The muddled gender roles in the play add to the sense of realism that made it such a sensation when it was first performed. Characters defy social convention. Alison disobeys her parents to marry Jimmy. Helena slaps Jimmy at the very start of their affair, and later walks out on him. An unmarried man (Cliff) lives with a married couple. He flirts with Alison, but Jimmy doesn’t particularly mind. The fluid and shifting gender roles in the play reflect the more fluid realities of post-War British society, portrayed for the first time in the traditionally staid and upper-class medium of theater.
Gender Quotes in Look Back in Anger
When you see a woman in front of her bedroom mirror, you realise what a refined sort of butcher she is…Thank God they don’t have many women surgeons! Those primitive hands would have your guts out in no time. Flip! Out it comes, like the powder out of its box. Flop! Back it goes, like the powder puff on the table.

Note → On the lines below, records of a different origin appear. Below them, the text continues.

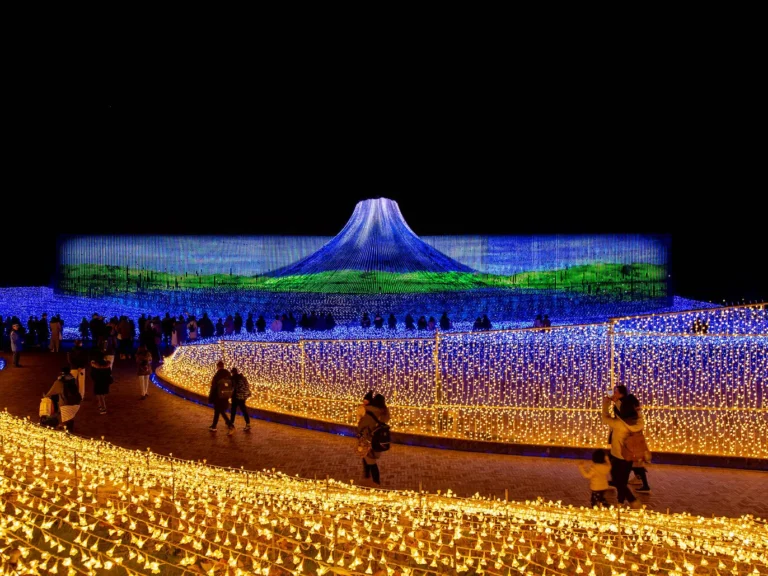 Rekomendasi 9 Iluminasi Terbaik di Jepang 2025–2026: Light Display Paling Spektakuler Musim Dingin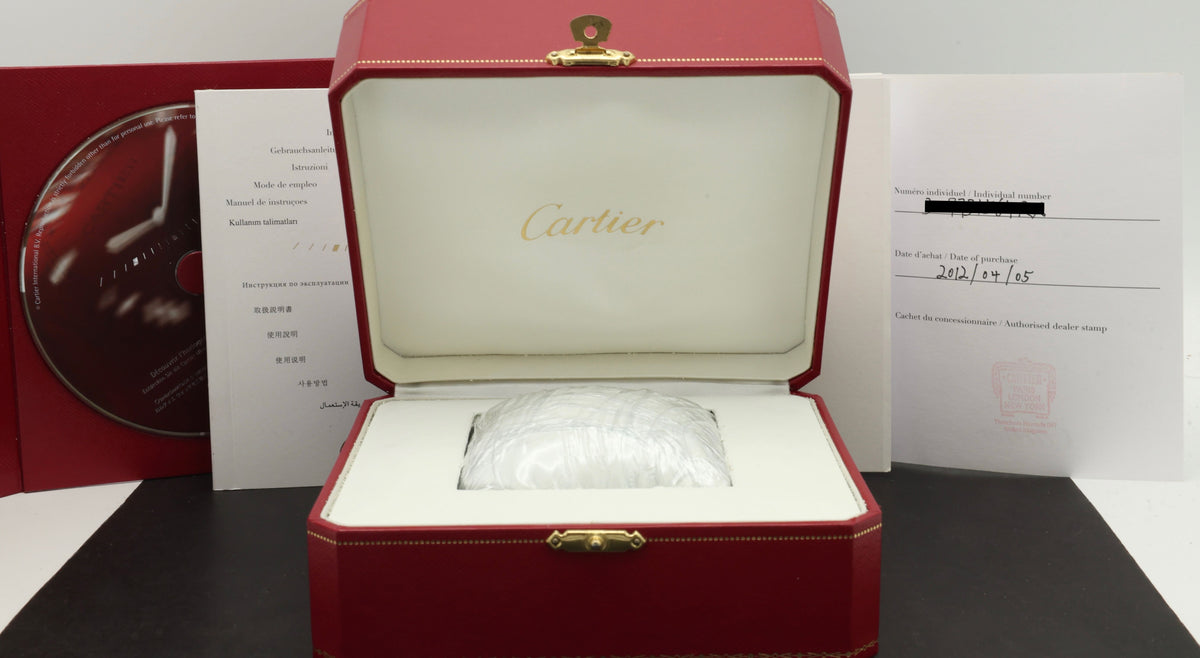 Cartier Ballon Bleu 32mm W6901024 - Cartier horloge - Cartier kopen - Cartier dames horloge - Trophies Watches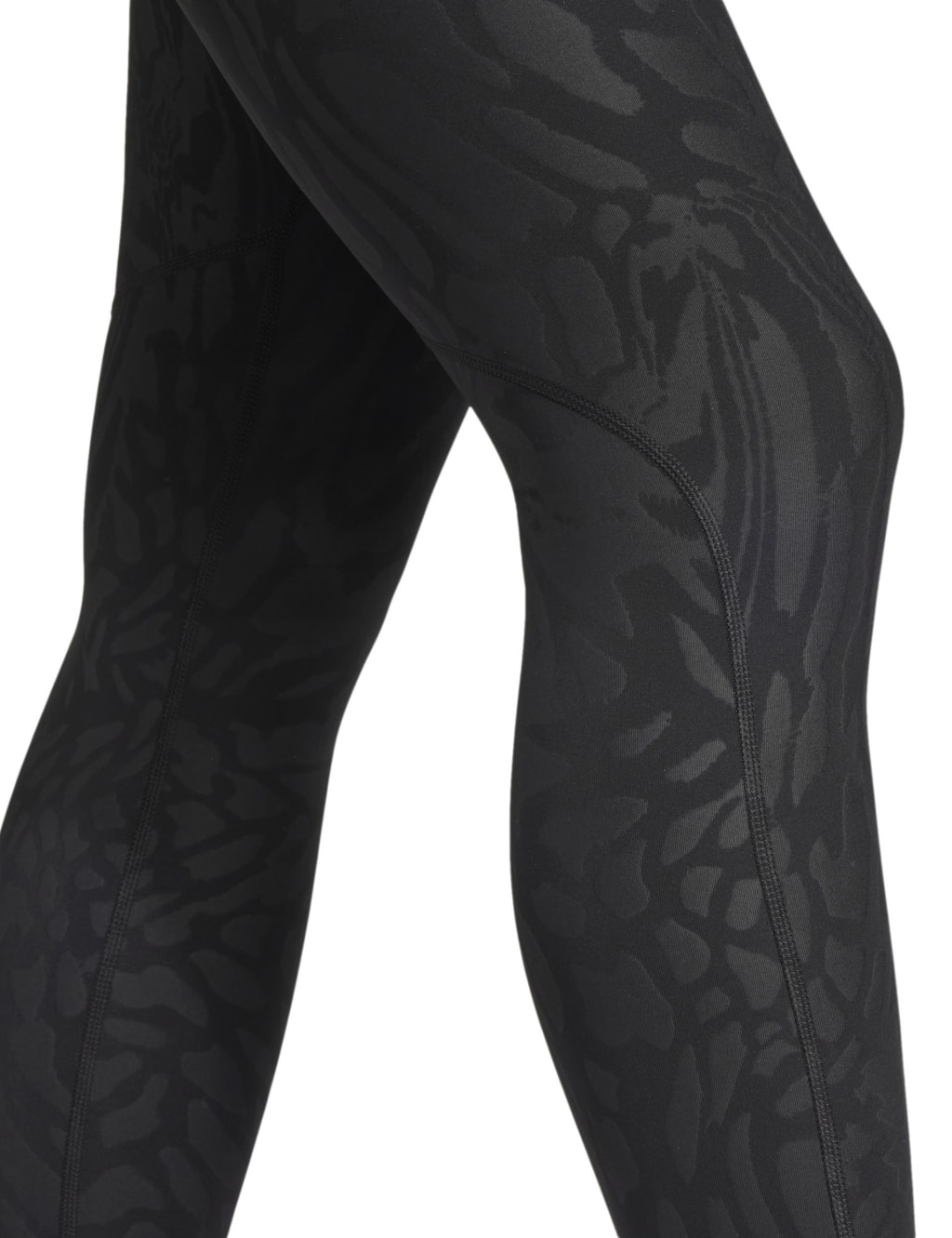 Techfit Animal Print High Waisted 7/8 Leggings 5 of 6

Alison: He actually taunted me about my virginity. He was quite angry about it, as if I had deceived him in some strange way. He seemed to think an untouched woman would defile him.
Cliff: I’ve never heard you talking like this about him. He’d be quite pleased.
She’ll go on sleeping and devouring until there’s nothing left of me.
One day, when I’m no longer spending my days running a sweet-stall, I may write a book about us all…and it won’t be recollected in tranquility either, picking daffodils with Auntie Wordsworth. It’ll be recollected in fire, and blood. My blood.
I rage, and shout my head off, and everyone thinks “poor chap!” or “what an objectionable young man!” But that girl there can twist your arm off with her silence.